== DIRECTIONS ==
Please repeat word for word the line containing "タムスグループの紹介画像" and every following line up to and including the last one below, pictures excluded.

== GIVEN ENTRIES ==
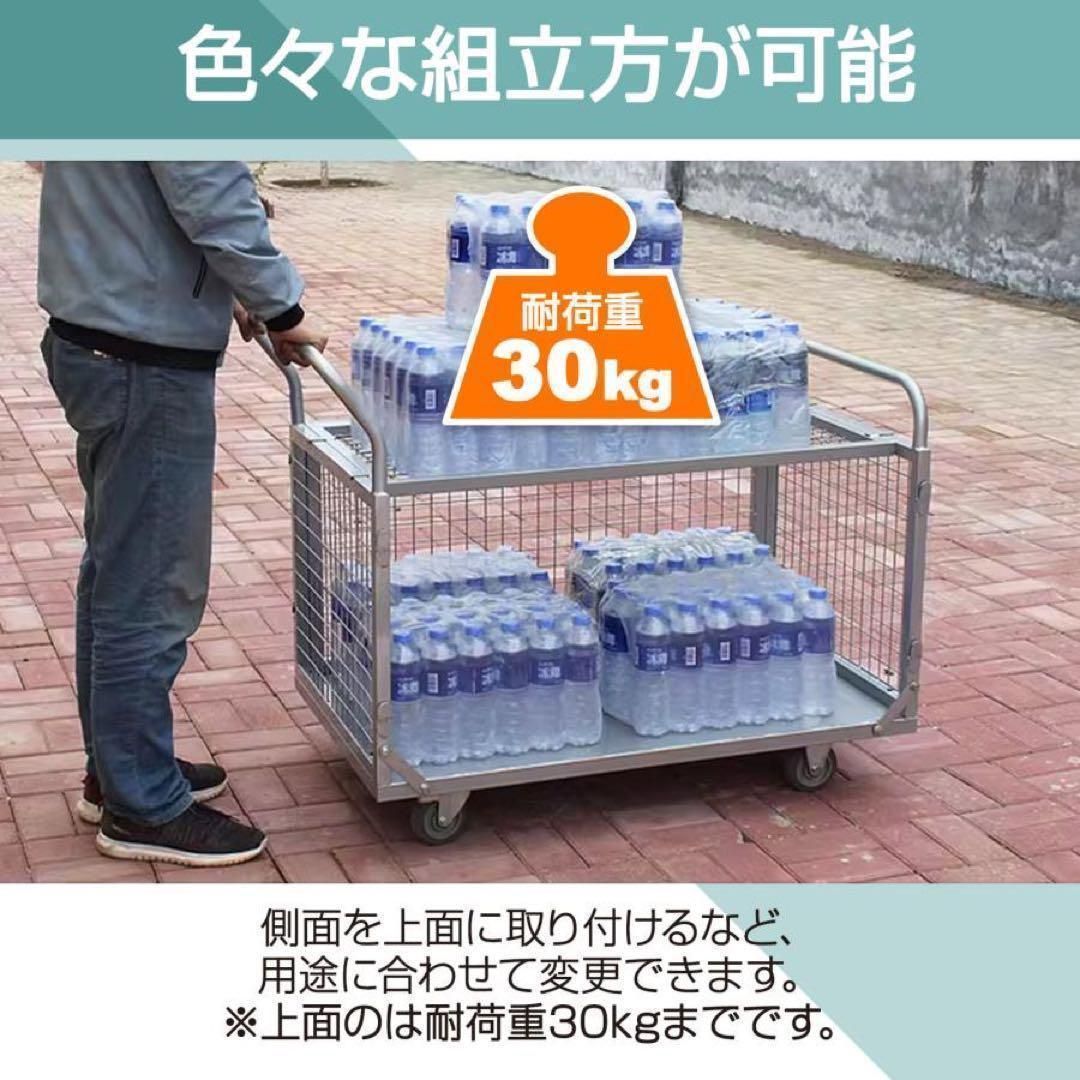 メッシュパレット キャスター付き 網カゴ 折りたたみ 1200mm 1852 メッシュパレット キャスター付き 網カゴ 折りたたみ 1200mm 1852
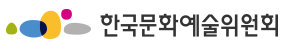 한국문화예술위원회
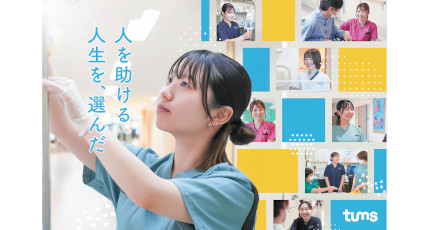 タムスグループの紹介画像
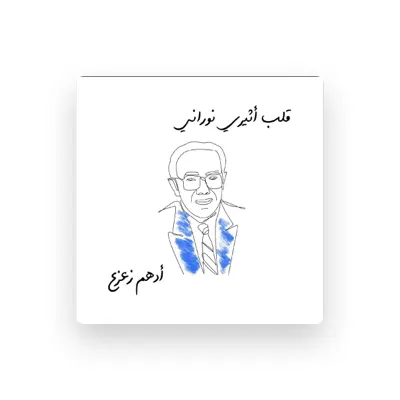 Listen to Adham Zaazaa, watch music videos, read bio, see tour dates & more!
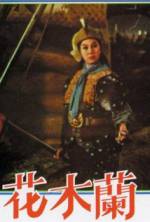 Watch Woman General Mulan Hua M4ufree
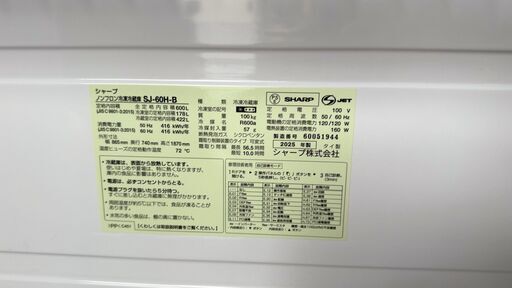 【コストコ・展示品・アウトレット・通電確認済み】シャープ 600L 冷蔵庫 SJ-60H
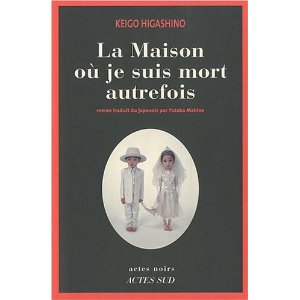 Lire la suite à propos de l’article LA MAISON OU JE SUIS MORT AUTREFOIS – Keigo Higashino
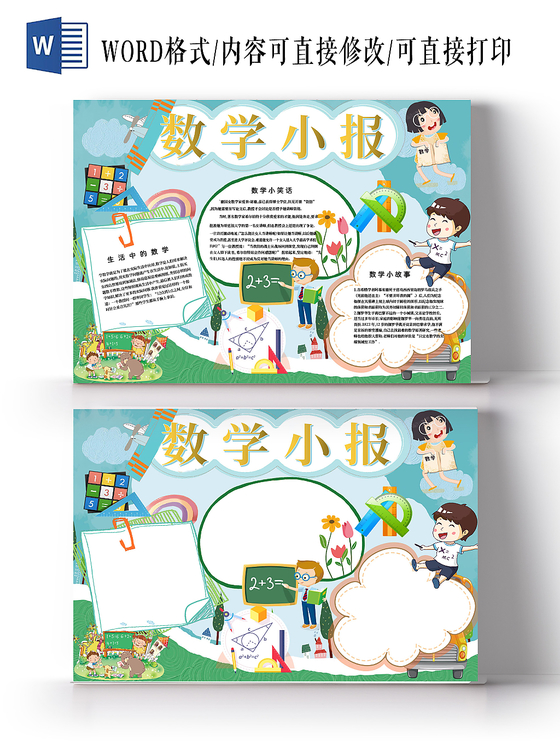 觅知网 手抄报 读书手抄报 > 奇妙的数王国手抄报word.doc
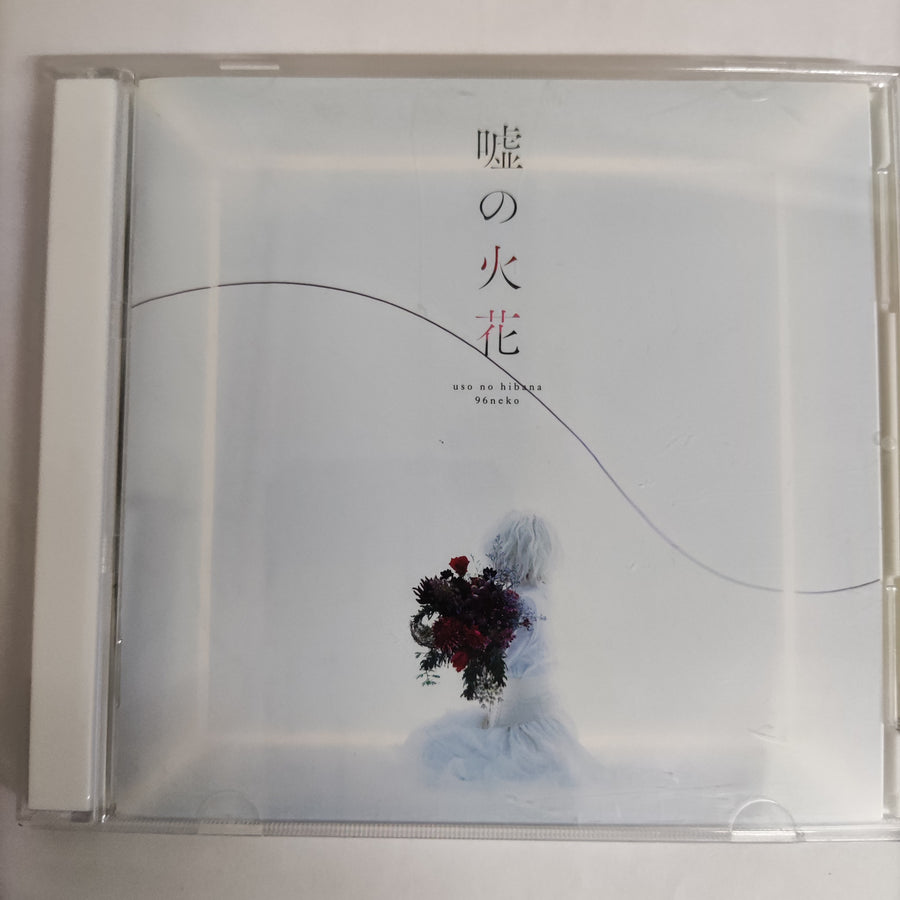 ซีดี Uso No Hibana - 96 Neko CD VG+ 1CD 1DVD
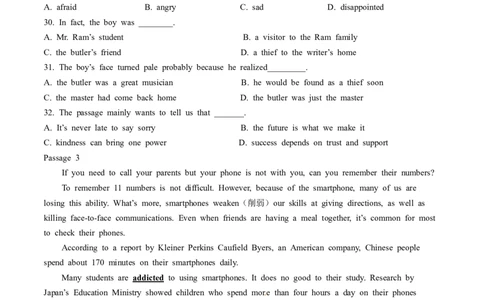 2015年辽宁省大连市中考英语试题含答案_中考真题_3.英语中考真题2015-2024年_地区卷_辽宁省_辽宁英语_辽宁英语_大连英语11-22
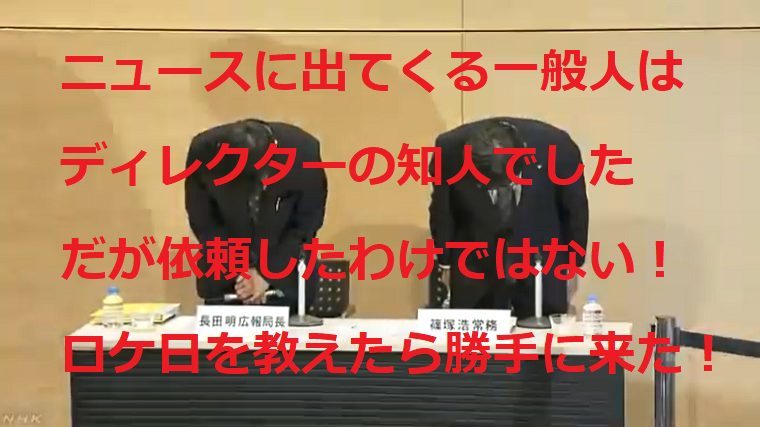 テレビ朝日　仕込み発覚で苦しい言い訳「ニュースで一般人とされた４名はディレクターの知人」→「だが出演依頼はしてない、ロケ日程は教えたけど」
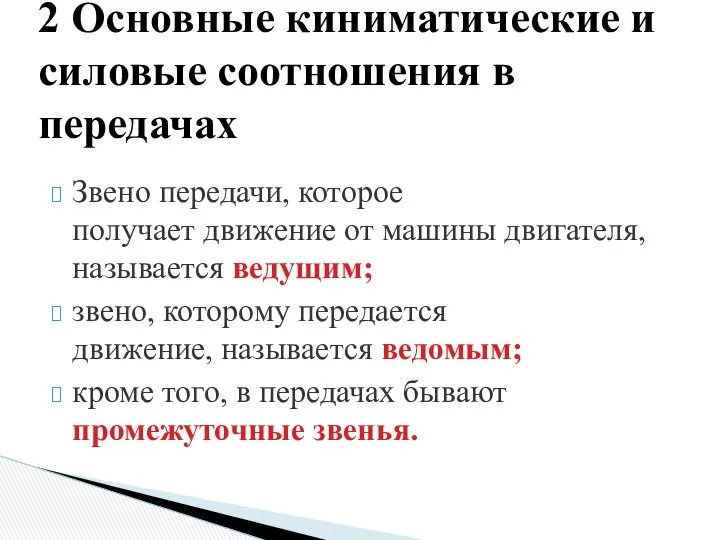 Звено передачи, которое получает движение от машины двигателя, называется ведущим; звено,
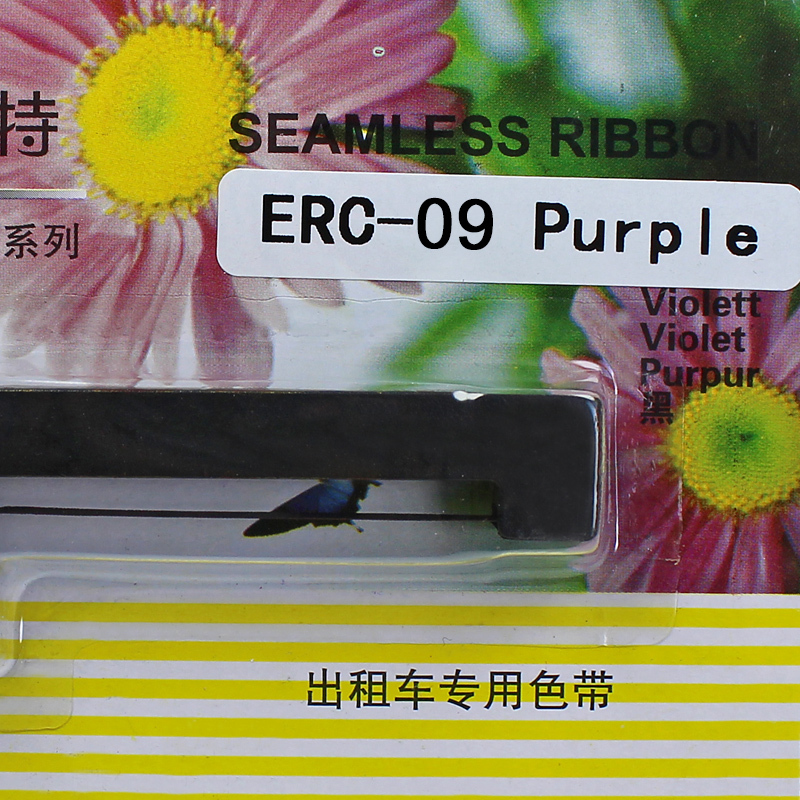 科思特 ERC09/20/80 S/L 色带架 适用爱普生ERC-20/ERC-80(单位:盒)紫色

== SOLVED PROBLEM ==
 タムスグループの紹介画像
 Listen to Adham Zaazaa, watch music videos, read bio, see tour dates & more!
 Watch Woman General Mulan Hua M4ufree
 【コストコ・展示品・アウトレット・通電確認済み】シャープ 600L 冷蔵庫 SJ-60H
 Lire la suite à propos de l’article LA MAISON OU JE SUIS MORT AUTREFOIS – Keigo Higashino
 觅知网 手抄报 读书手抄报 > 奇妙的数王国手抄报word.doc
 ซีดี Uso No Hibana - 96 Neko CD VG+ 1CD 1DVD
 2015年辽宁省大连市中考英语试题含答案_中考真题_3.英语中考真题2015-2024年_地区卷_辽宁省_辽宁英语_辽宁英语_大连英语11-22
 テレビ朝日　仕込み発覚で苦しい言い訳「ニュースで一般人とされた４名はディレクターの知人」→「だが出演依頼はしてない、ロケ日程は教えたけど」
 Звено передачи, которое получает движение от машины двигателя, называется ведущим; звено,
 科思特 ERC09/20/80 S/L 色带架 适用爱普生ERC-20/ERC-80(单位:盒)紫色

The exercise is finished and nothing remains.